CMSC 472/672: Computer Vision


Instructor: Tejas Gokhale (OH: Wednesday 2:30 PM - 3:30 PM or by appointment; ITE 214);
Teaching Assistant: TBD ;
Time: Monday and Wednesday 4:00pm - 5:15pm
Location: ITE 229


Course Description | Schedule | Grading | Syllabus

Course description

This course will offer a comprehensive introduction to the field of computer vision which has the broad goal of understanding visual signals (images and videos) for low/mid/high-level perceptual tasks. This course will introduce fundamental principles and concepts for developing computer vision systems such as image formation, acquisition, and processing, stereo and 3D vision, machine learning algorithms and neural networks for image understanding.

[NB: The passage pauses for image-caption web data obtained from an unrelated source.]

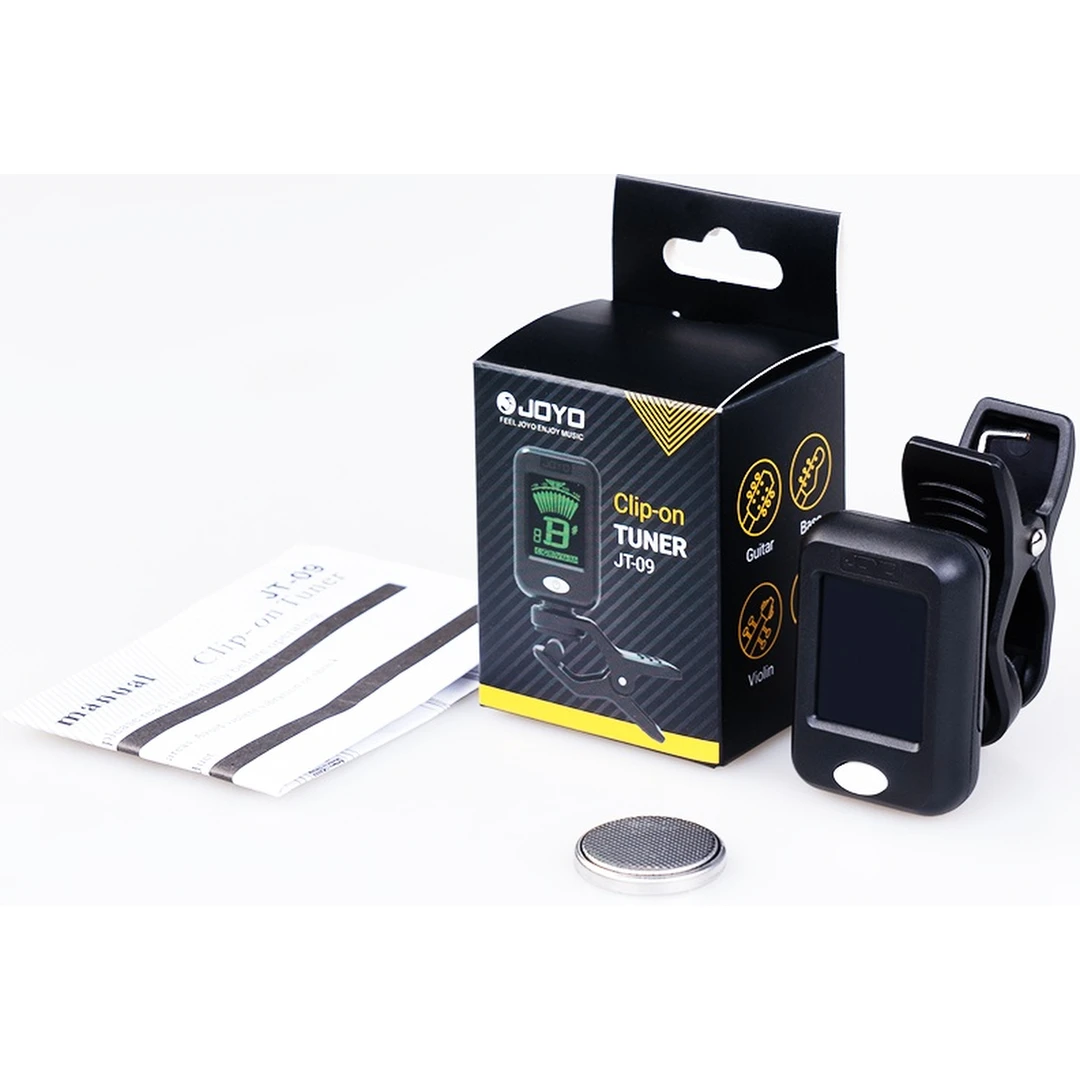 Тюнер Joyo JT-09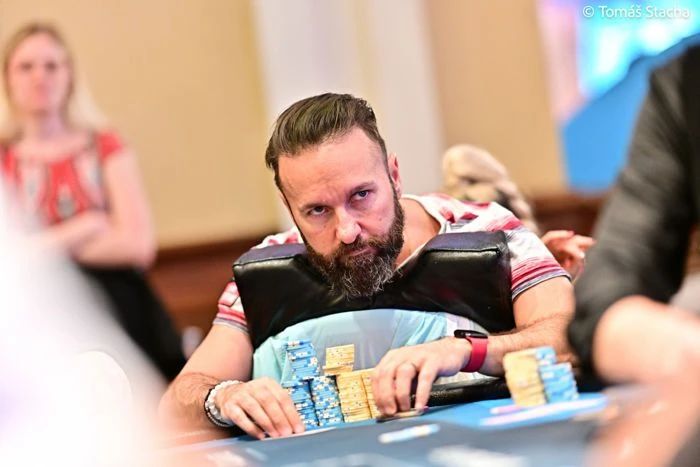 Daniel Negreanu（丹牛）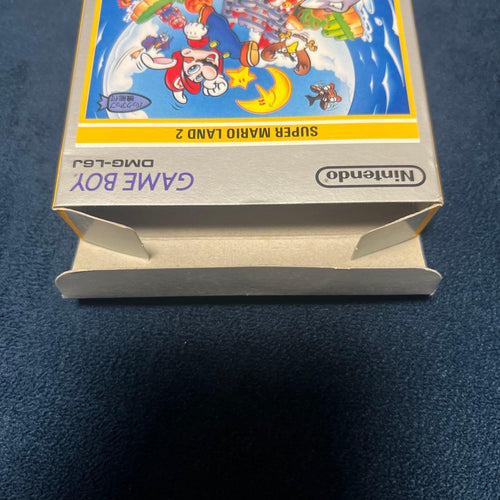 Gameboy Games 2 6 Mario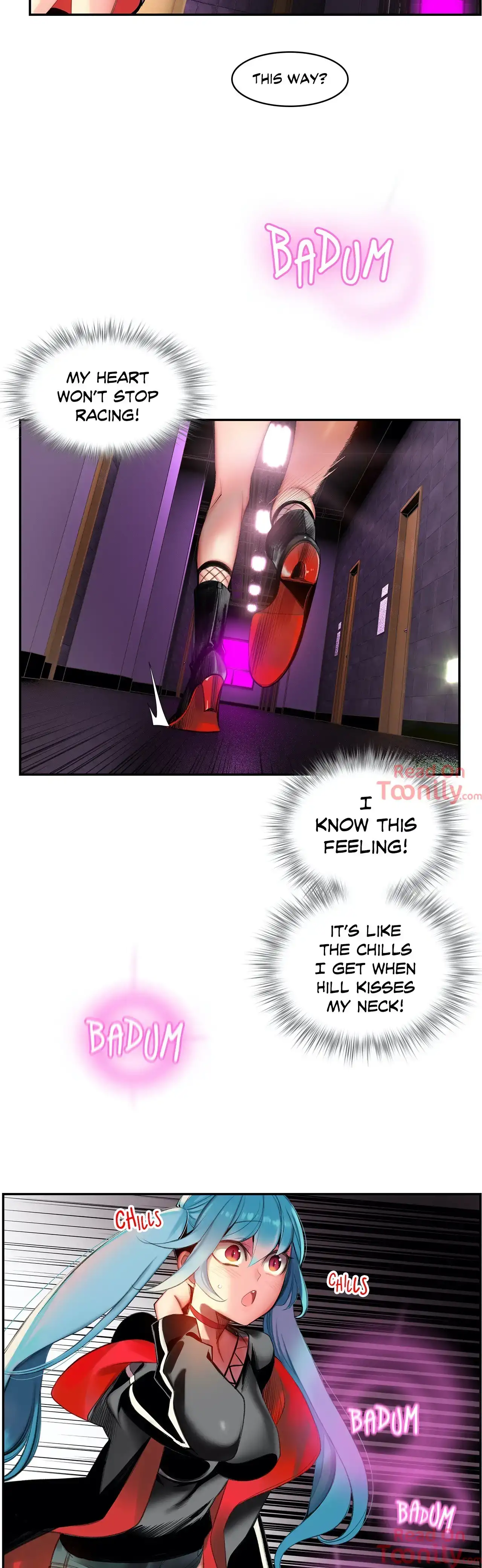 Lilith’s Cord chapter 82 page 16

Prerequisites: We will assume that you have a basic (but solid) expertise in linear algebra, geometry, probability, and Python programming. Recommended classes at UMBC are: MATH 221 (Linear Algebra), STAT 355 or CMPE 320 (Probability and Statistics), MATH 151 (Calculus and Analytical Geometry). If you are unfamiliar with linear algebra or calculus, you should consider taking both: without these tools, you are likely to struggle with the course. Although we will provide brief math refreshers of these necessary topics, CMSC 491/691 should not be your first introduction to these topics.
We understand that some students may have had some prior exposure to signal/image/audio processing, computer graphics, machine learning, neural networks etc. However, none of these are pre-requisites -- the class is designed to be self-contained.

Reference Books There are no required textbooks. The following books may be useful to accompany the lectures:


Schedule

Schedule is tentative and subject to change.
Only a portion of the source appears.